FOG is sending an order of magnitude too many "deletion-request" pings
Categories
(Toolkit :: Telemetry, task, P2)
Tracking
()
People
(Reporter: chutten, Assigned: chutten)
References
Details
https://sql.telemetry.mozilla.org/queries/69026#174211 shows that, starting around the end of January (coincides with Fx 85 hitting Release), FOG (Glean with application id firefox_desktop) stopped sending its previous just-about-the-same-number-as-Firefox-Telemetry number of "deletion-request" pings (20-30k/day) and started sending an outrageous (and growing!) number of "deletion-request" pings (120k to start, nearly 300k/day now).
What is up with that? FOG's been sending "deletion-request" pings for many versions (how many?) before 85. What changed?
Comment 1•4 years ago
|
||
That dashboard does get numbers before copy_deduplicate (it queries payload_bytes_decoded.*), but duplicates made up less than 1% of the reported values for the last couple days.
| Assignee | ||
Comment 2•4 years ago
|
||
Splitting by OS and country code reveals this to be some seriously weird stuff.
OS
https://sql.telemetry.mozilla.org/queries/79073/source#196482
- Windows picks it up on release day and climbs ever up and to the right.
- Linux gets a share of the problem on release day, but doesn't kick off for real until Feb 1.

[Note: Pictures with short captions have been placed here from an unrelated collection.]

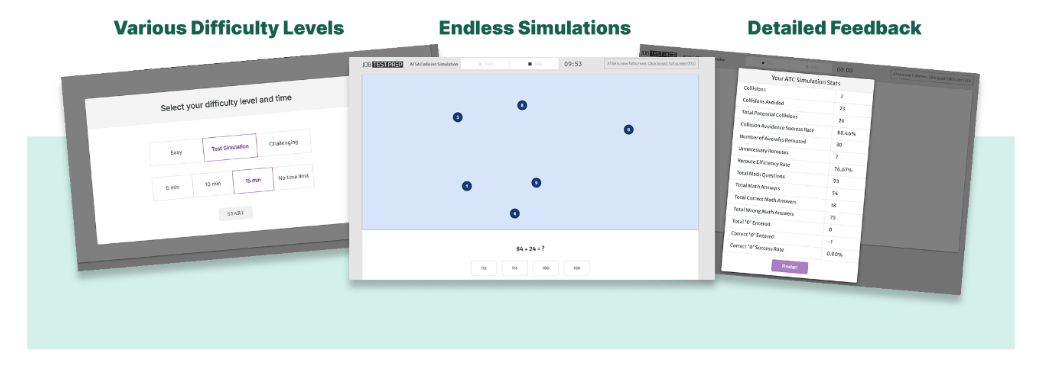 ATSA Course Overview
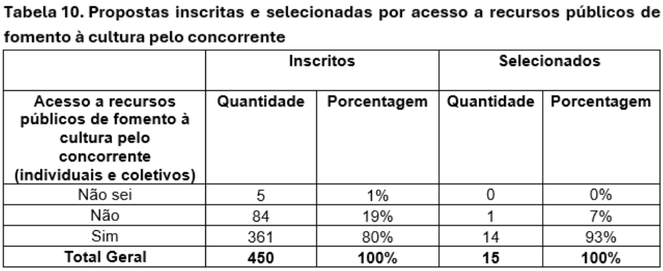 Final - Tabela 10 - Propostas inscritas e selecionadas por acesso a recursos públicos de fomento à cultura pelo concorrente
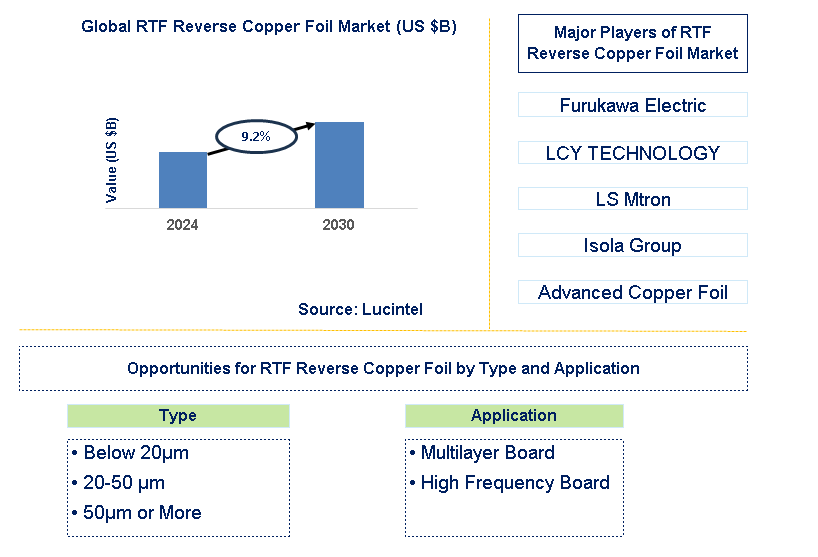 RTF Reverse Copper Foil Trends and Forecast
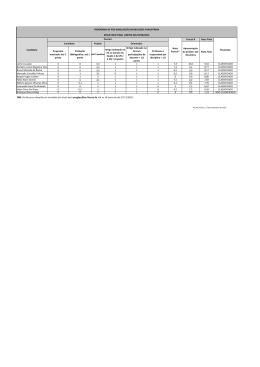 Parcial II Nota Final Programa mestrado: até 1 ponto Produção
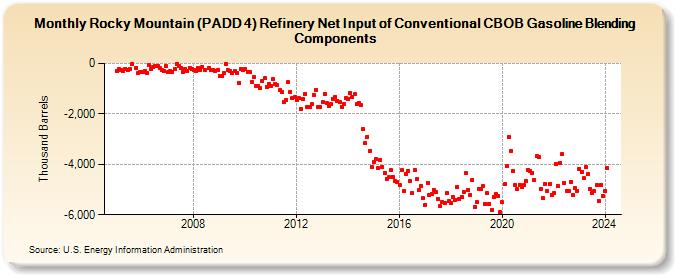 Rocky Mountain (PADD 4) Refinery Net Input of Conventional CBOB Gasoline Blending Components (Thousand Barrels)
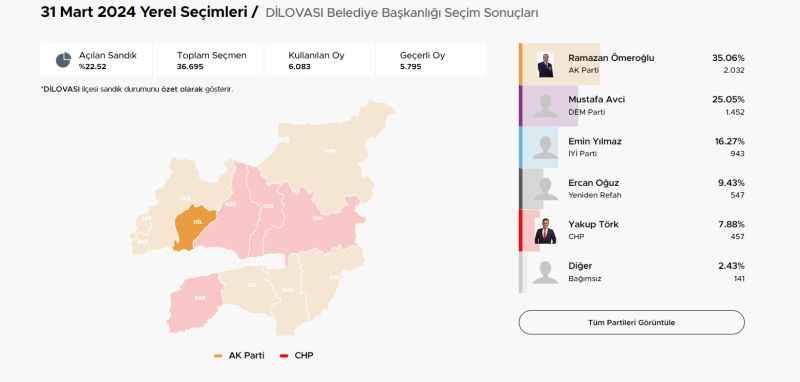 Kocaeli'nin batı yakasında son durum!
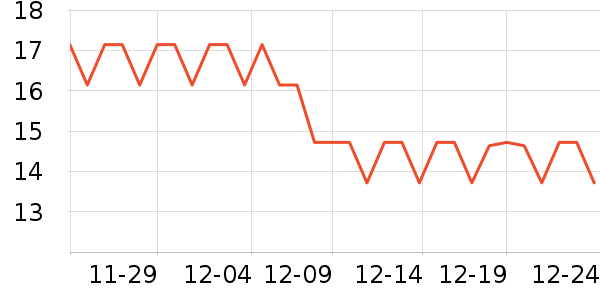 ��ŵ���ʽ���������ʷ�۸�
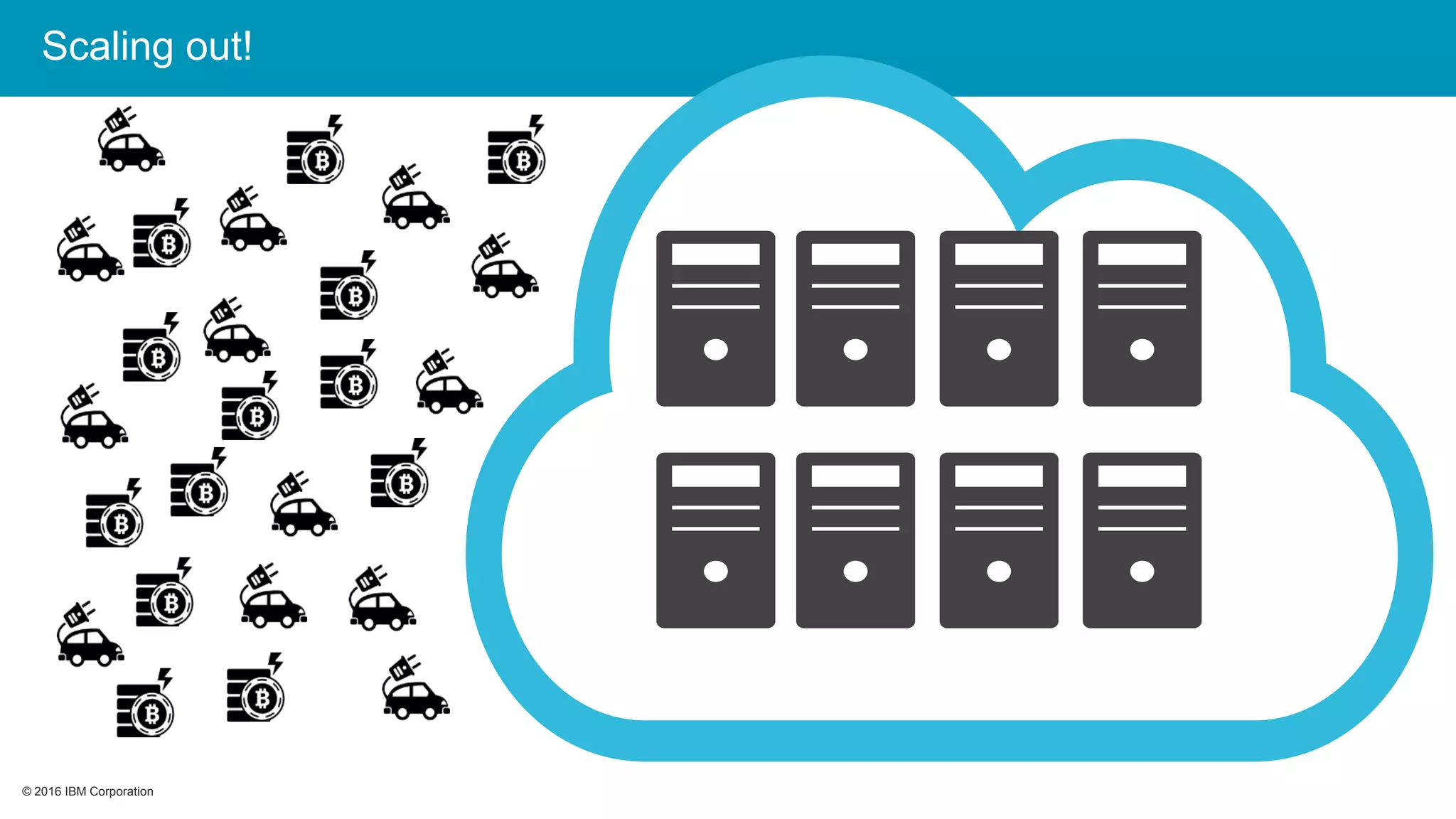 © 2016 IBM Corporation© 2016 IBM Corporation
Scaling out!
 
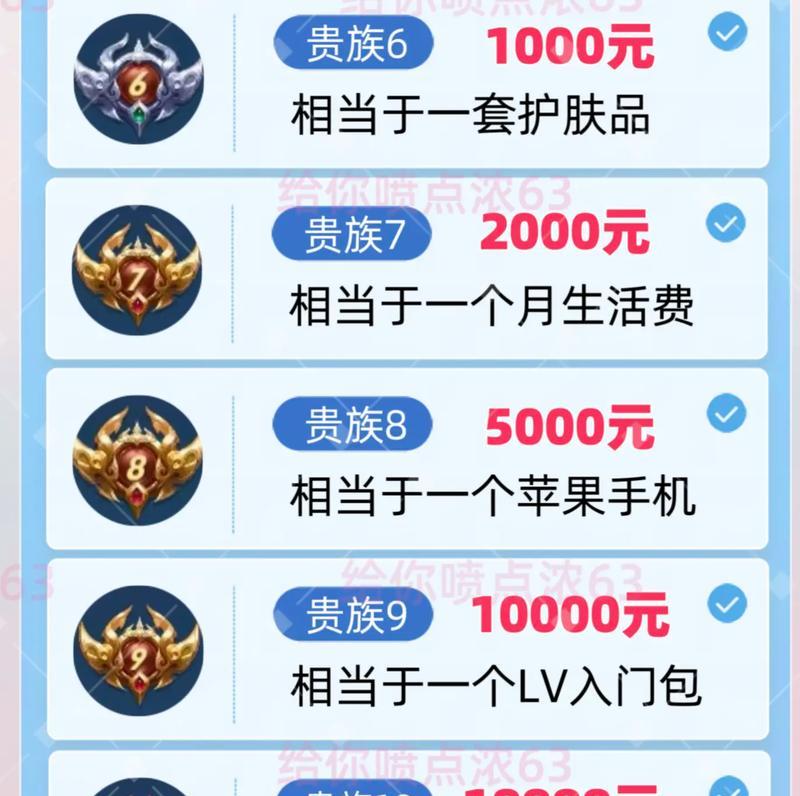 王者荣耀达到不同段位会获得什么奖励？奖励的种类有哪些？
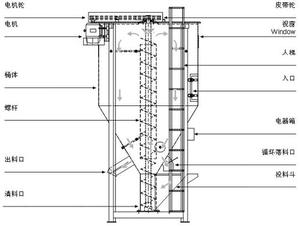 De plástico mini mezclador de concreto de precio de la máquina - Product Image 6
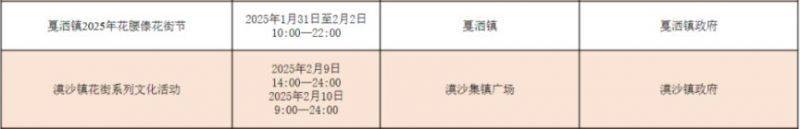 2025玉溪市春节活动汇总（内容+时间+地点）（14）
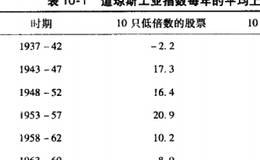 通向赢利的逆向投资路径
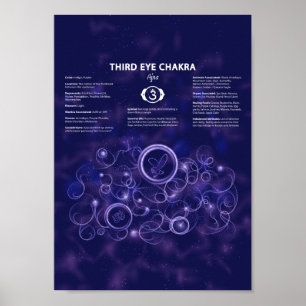 Drittes Eye Chakra-Poster Poster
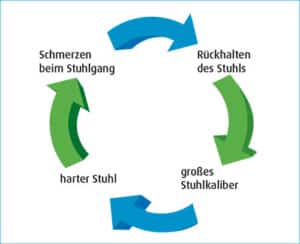 Teufelskres Verstopfung Chronische Bauchschmerzen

- Mac OSX has irregular and gigantic spikes, but only after Valentine's Day.
Geo
https://sql.telemetry.mozilla.org/queries/79076/source#196484
The Mac spikes are 100% attributable to Singapore. The climb in Windows numbers up and to the right? Vietnam (and to a lesser extent Russia). The big spike on Jan 29th? Germany.
What does this mean?
I don't think these features are particular to OS or geography. I think these are singular "clients" juicing the data. Perhaps we're getting flooded?
Certainly looking at volumes of distinct client ids we're not seeing anywhere near the same weirdness. Maybe it doesn't have to be attackers?
Questions
- Why are we getting so many duplicate requests to delete the same client ids? How are we sending multiple "deletion-request" pings with different doc ids, but the same client_id? Shouldn't that be impossible?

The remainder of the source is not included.